I wonder if in her time policing, she ever had other serious lapses of judgment? Was something else going on?
Early on, there were rumblings of a relationship, but those were debunked and Jean’s relatives say they didn’t even know each other.
Was she drunk? High? On something else? What got into her to do this?
Nah, pretty sure it was this one.
Trying to use the castle doctrine was a Hail Mary attempt by the defense. If the jury had gone for it that would have been a real miscarriage of justice IMHO.
But I’d really like to point out just how fucked up the “shoot first ask questions later” move by the cop was. I know some survivalist-style training systems will emphasize reacting over thinking because if you stop to think you are dead, but that’s an absolutely terrible mindset to have when dealing with regular people. It leads directly to tragedies like this.
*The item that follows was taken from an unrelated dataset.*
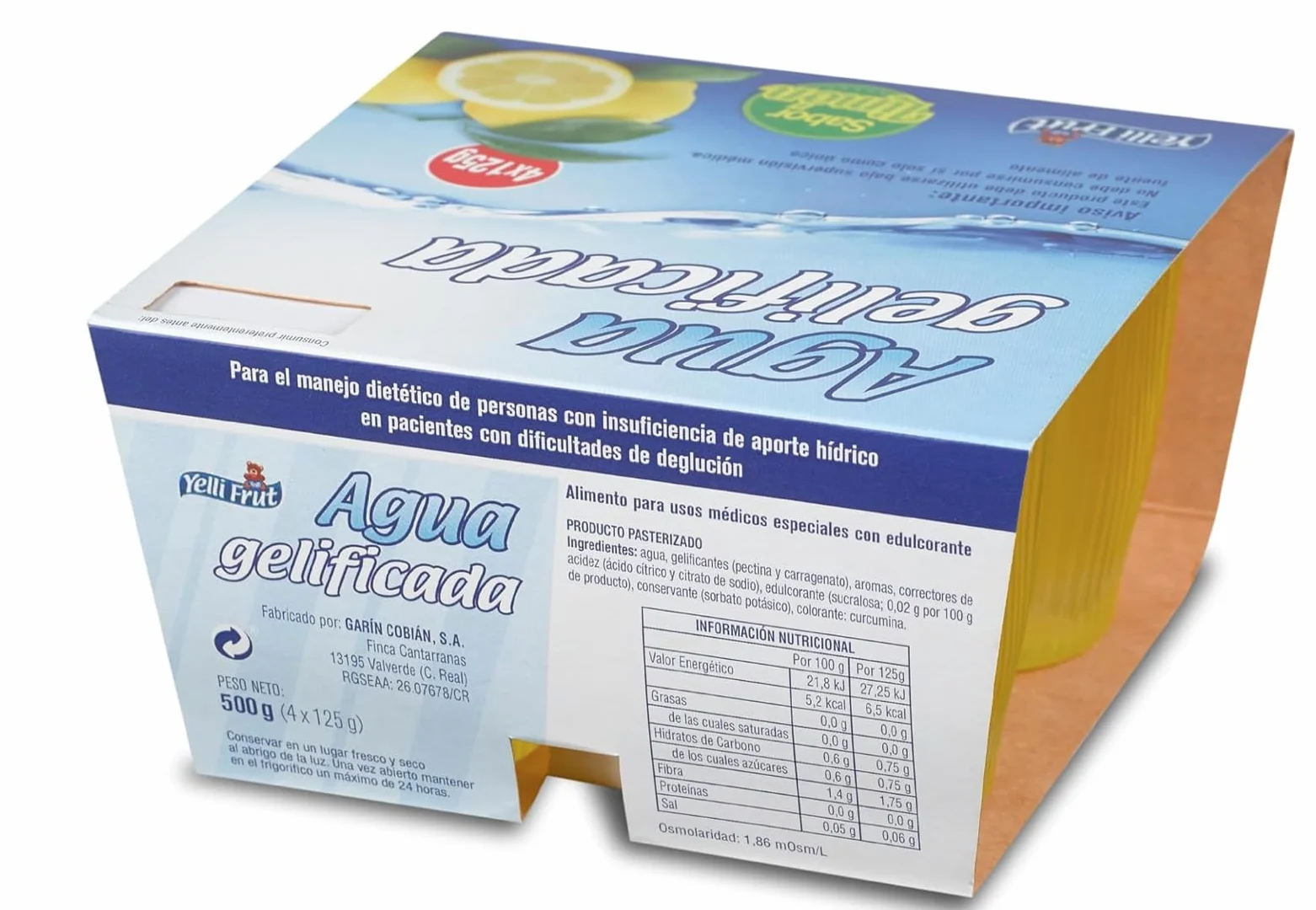 Agua gelificada. Espesante para disfagia. 3 Sabores en tarrina 125 gramos. Pack de 6x4 = 24 tarrinas. Agua gelificada disfagia sabores. Aguas gelificadas para hidratar con plena seguridad. (24, Limón)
In Texas the sentence for murder is from 5 to 99 years in prison. So there is judges discretion, but not that much
edit: It is the jury not the judge that will decide the sentence
Criminal trials are not supposed to work like that – if Alice is acquitted, Bob can’t cite it as evidence that he should go free too – but in practical terms, if other people haven’t been convicted, it affects prosecutors’ decisions to file charges or not in the future
Agree, but there is more to it that doesn’t add up. If they didn’t know each other, then when she was pounding on the door shouting “let me in!” then at that point, she didn’t know he was brown. I am just totally confused at how this situation played out. There are several other obvious why’s that remain unanswered.
It’s just going to have to go down in history as another crazed Becky with a gun shooting an unarmed black man in his own home.
Maybe Dateline will eventually interview her and Lester Holt can grab her by the neck and shake some answers out of her.
the jury may not have believed her at all
I though it was, that is how we have a Miranda Warning, and how standards for what a cop can and can’t attain people for at traffic stops, and all manner of other interpretations of criminal law come about.
So if this trial did end up “not guilty” because she had a belief that she was in her own home, future trials could more easily turn on that same defense (they would still have to show the shooter really thought it was their home…if I live in a trailer it would be hard for me to shoot someone to death in a mansion and claim I thought I was home…well, unless I guess I once lived there?).
Of corse a jury can decide not to care about precedent, a judge will tell them they need to care, but they don’t actually have too.
I believe the things you’re talking about come from appeals court rulings, not jury decisions
which is of course the next step here as well
Also worth mentioning… `
`There were 5
— Naima
Black people and 5 non-Black POC on this jury. That’s how this verdict
happened. DO NOT SKIP JURY DUTY, PLEASE.
Cochrane (@naima) October
1, 2019
Yahhhhhh, ok, you have a point. Definitely the things I gave as examples were appeals, at least one to the supreme court. I don’t know if a jury decision is a less powerful president. What little law training I had is um, pushing 30 years ago, and if I once knew this finer point I can’t recall it now.
LawTwitter consensus seems to be that the judge allowed them to present that as a defence to stop them appealing any conviction on the grounds she didn’t allow it.
Worse and worse. I think this is one that the more I try to slice and dice it to make sense of it, the less it will. It’s Becky with a gun instead of a cell phone, that’s what it is.
Makes me wonder if all those other Beckys who call for help had guns instead of phones, if there would be a lot more dead POC.